▶ **Exercise brief**
Having found the line containing "Open kitchen at Nampu" in the records below, copy that line and each later one exactly, dropping pictures.

▶ **Information given**
* * *
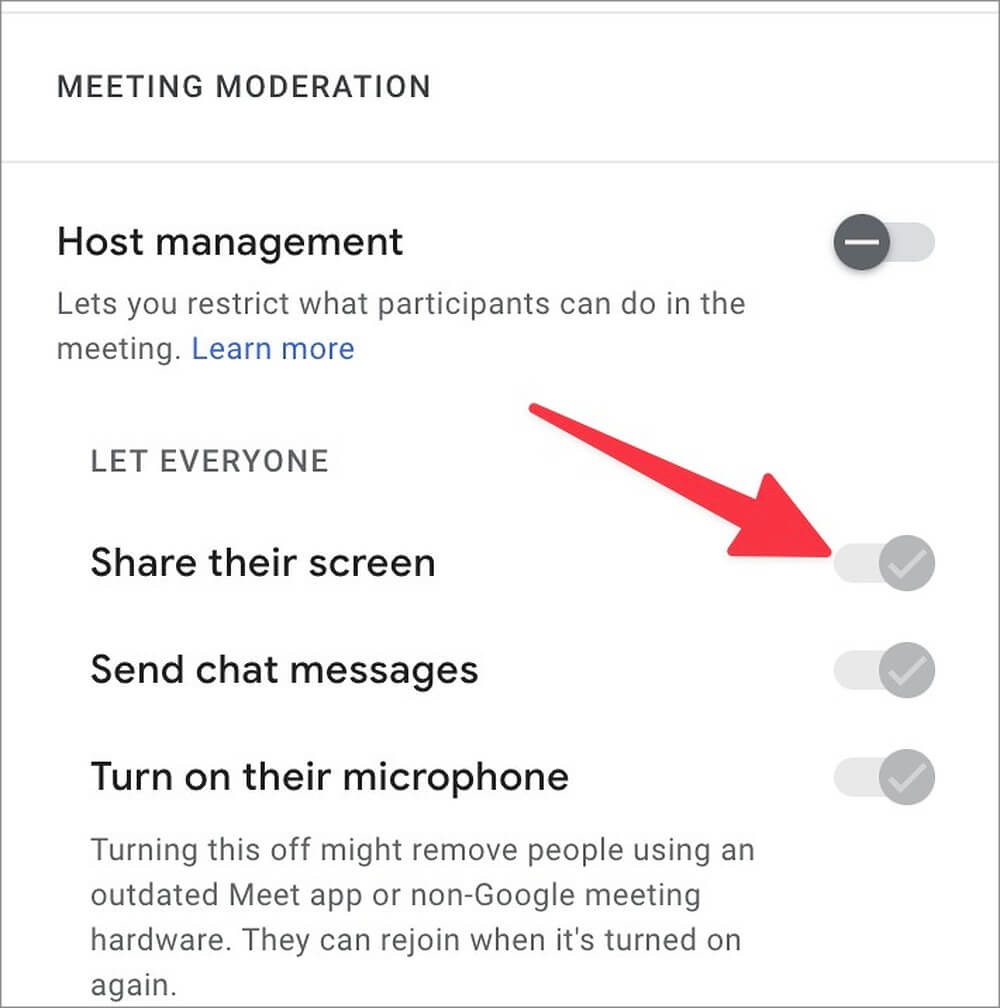 أفضل 9 طرق لإصلاح عدم عمل مشاركة شاشة Google Meet على سطح المكتب - %categories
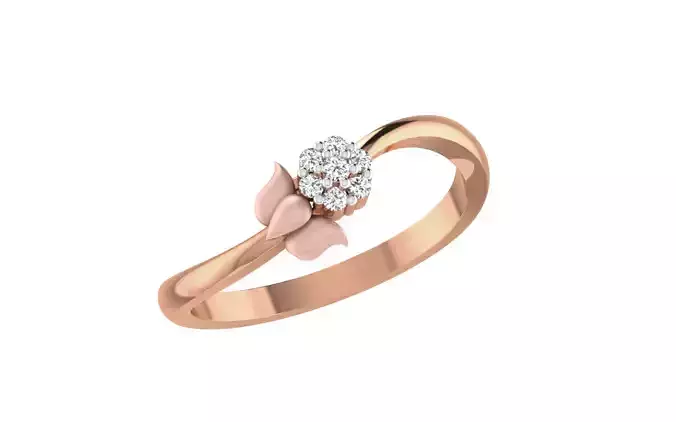 Women Diamond Ring 3dm stl render details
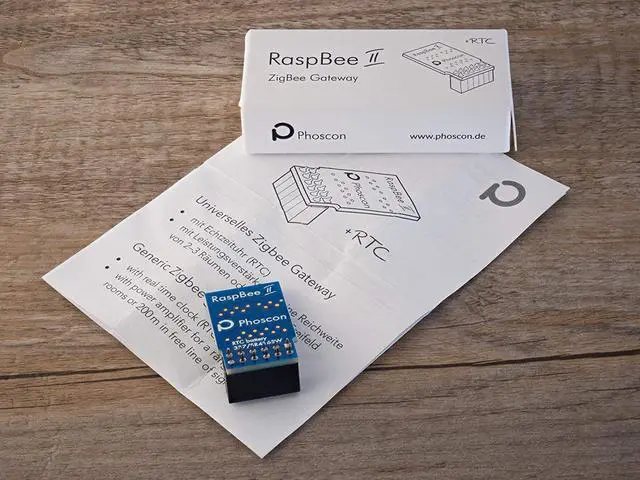 Alt view image 4 of 4 - RaspBee II - Universal Raspberry Pi Zigbee 3.0 Gateway, Includes deCONZ App, Home Automation, Home Assistant, ioBroker, Zigbee2MQTT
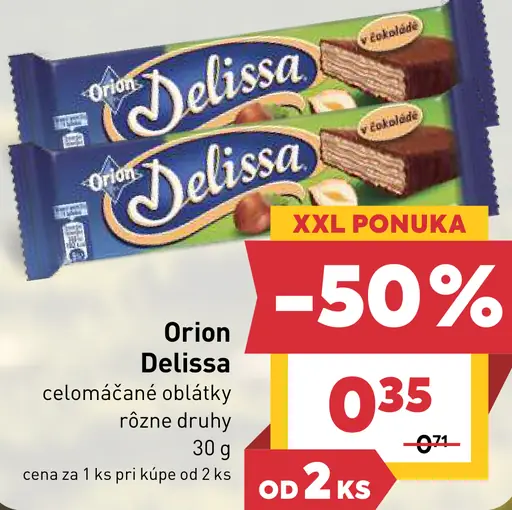 Orion Delissa celomáčané oblátky rôzne druhy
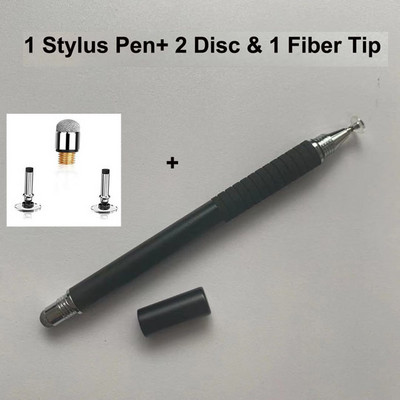 Universal 2 în 1 Disc de precizie Vârf din fibră Stylus Pen Tabletă Ecran capacitiv Caneta Touch Pen pentru telefon mobil Android Smart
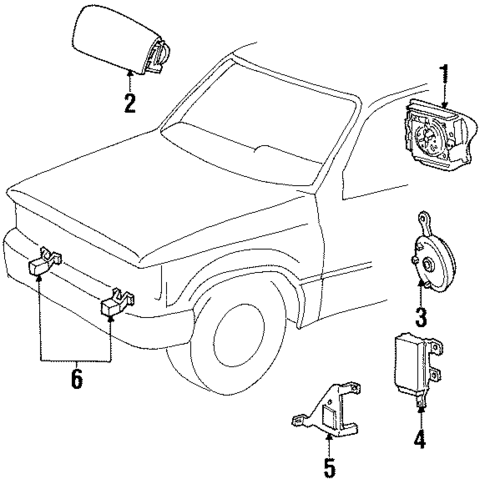 Air Bag Components for 2000 Mercury Mountaineer #0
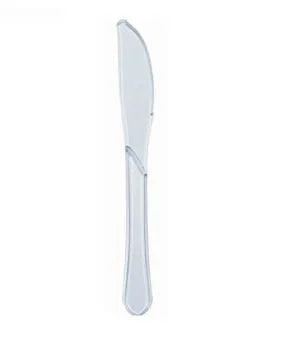 Disposable Plastic Clear Knife Pack Of 40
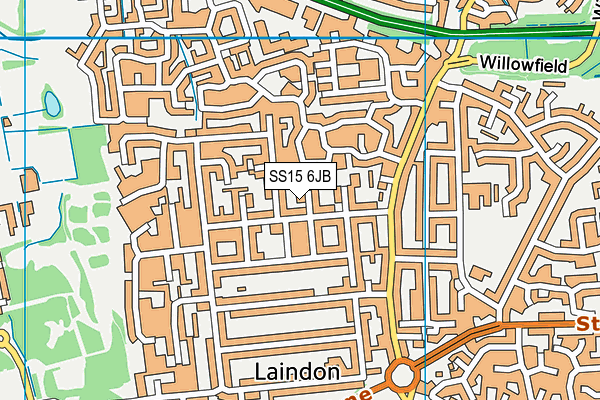SS15 6JB map - OS VectorMap District (Ordnance Survey) SS15 6JB map - OS VectorMap District (Ordnance Survey)
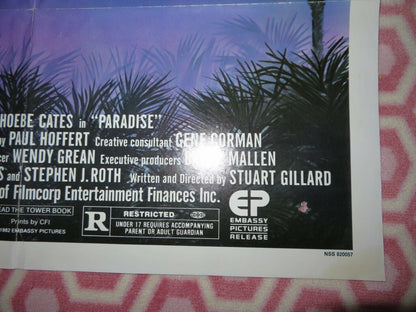 PARADISE US ONE SHEET POSTER WILLIE AAMES PHOEBE CATES 1982 Movie posters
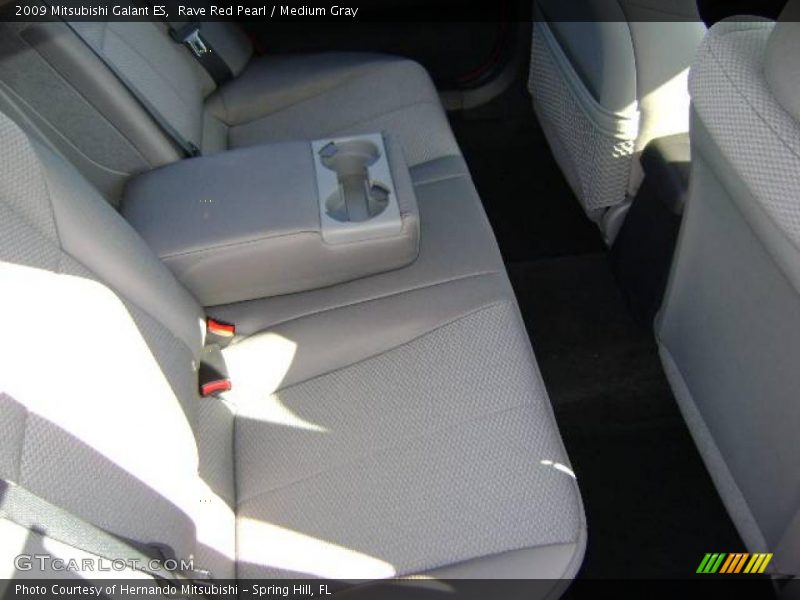 Rave Red Pearl / Medium Gray 2009 Mitsubishi Galant ES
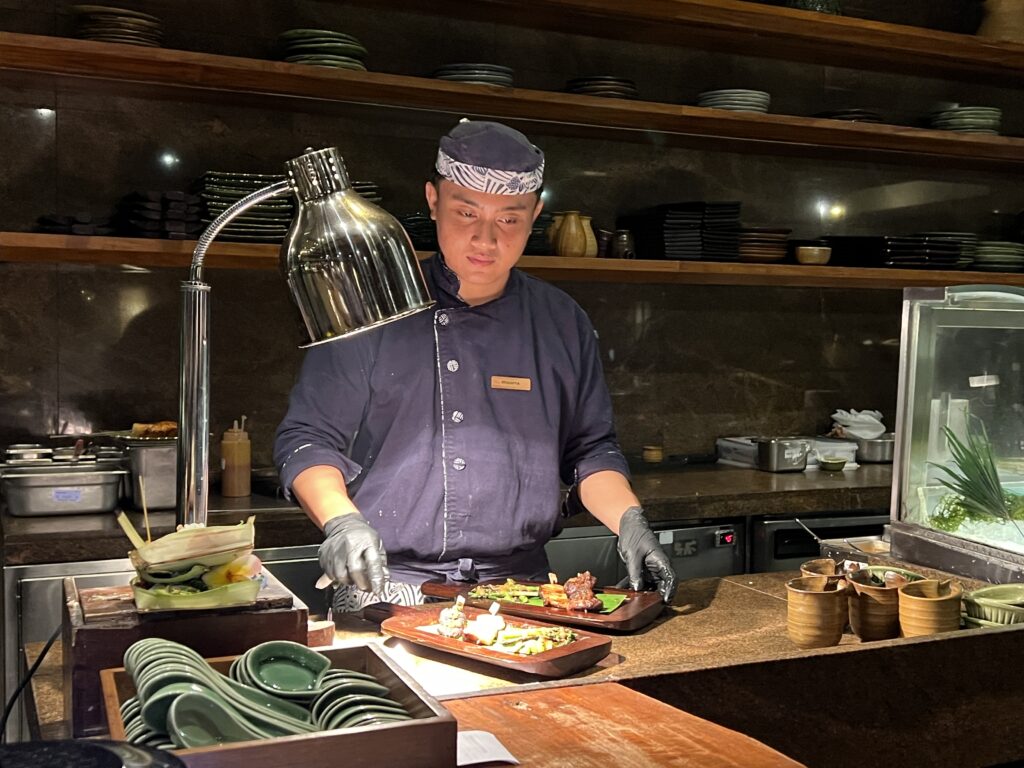 Open kitchen at Nampu
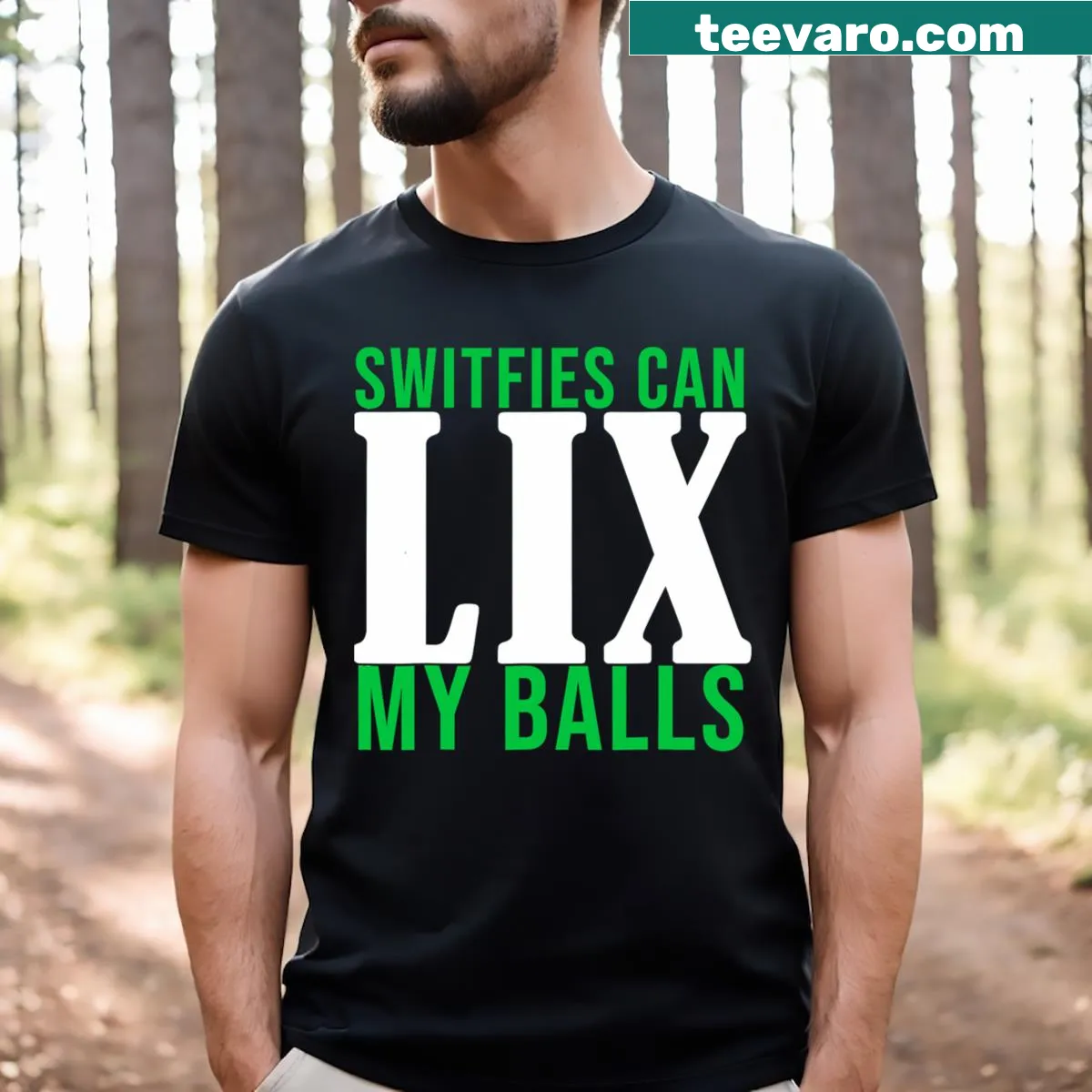Funny typography T-shirt with humorous saying — on a men's t-shirt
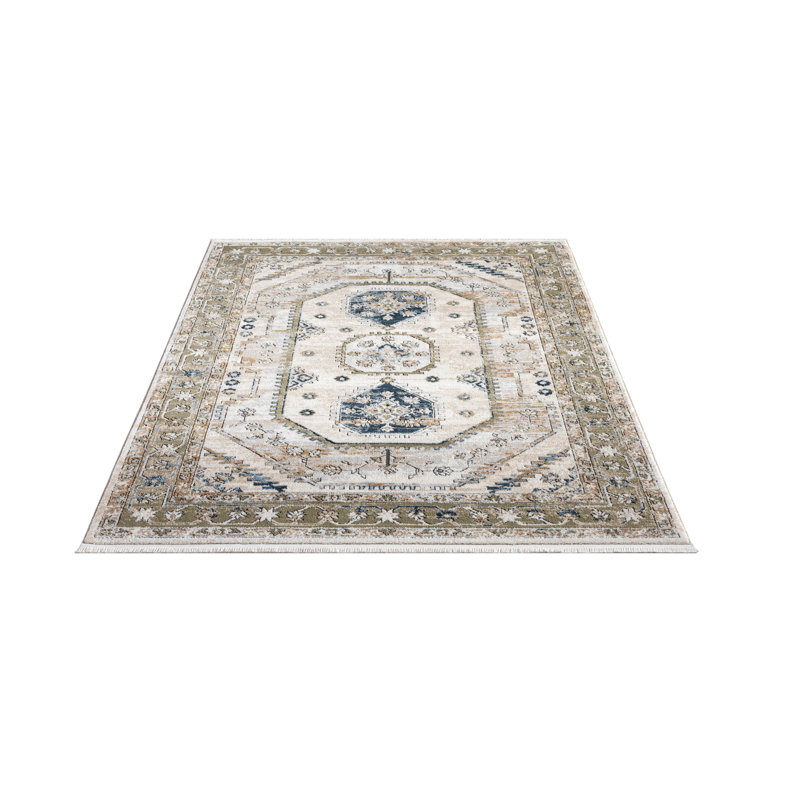 Tapis beige Abani Rugs Savoy SAV170A, Rectangle 5 pi 3 po x 7 pi 6 po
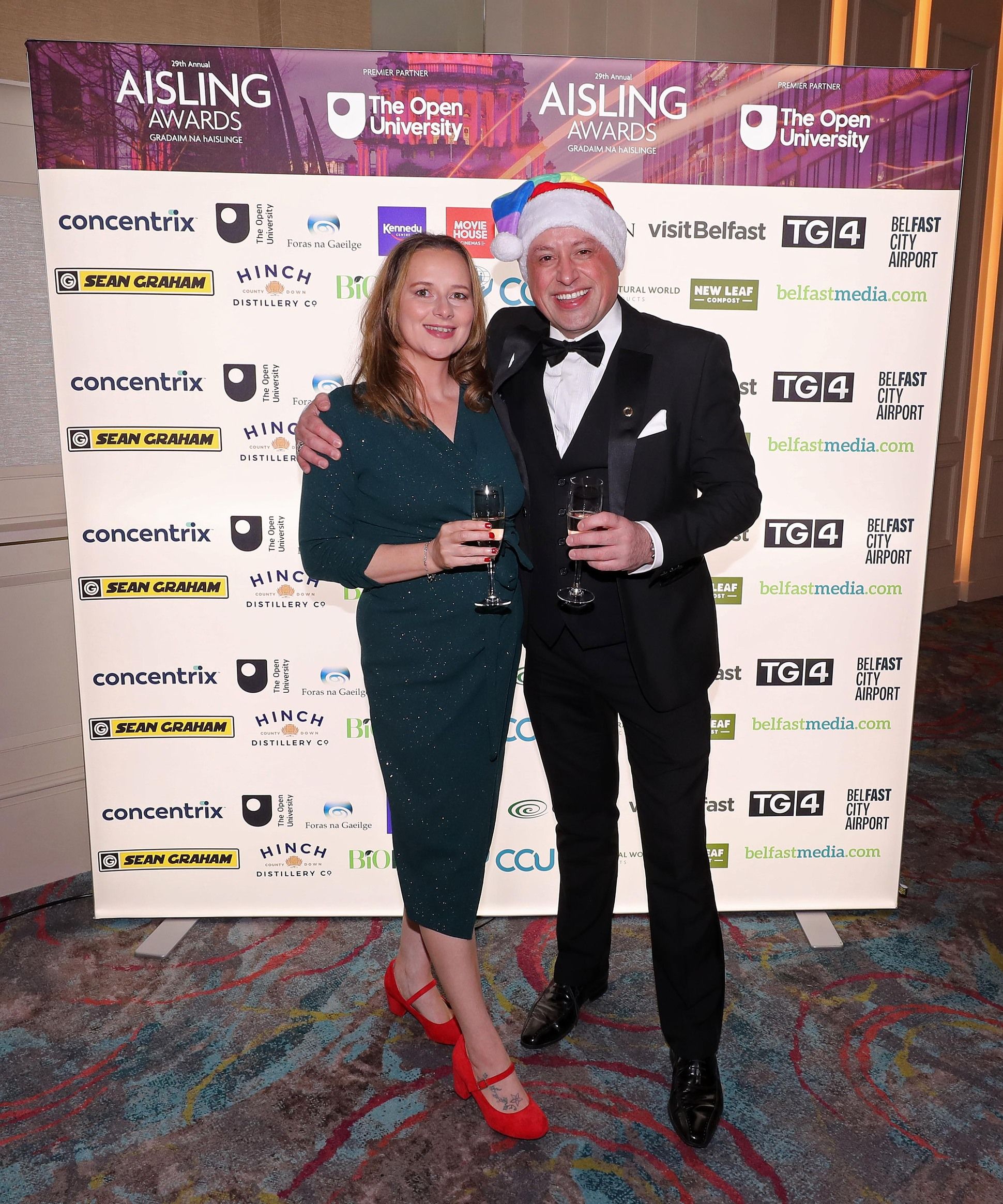 Joanna McAree and Tony Devlin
* * *
▶ **Result for this task**
 Open kitchen at Nampu
Funny typography T-shirt with humorous saying — on a men's t-shirt
 Tapis beige Abani Rugs Savoy SAV170A, Rectangle 5 pi 3 po x 7 pi 6 po
 Joanna McAree and Tony Devlin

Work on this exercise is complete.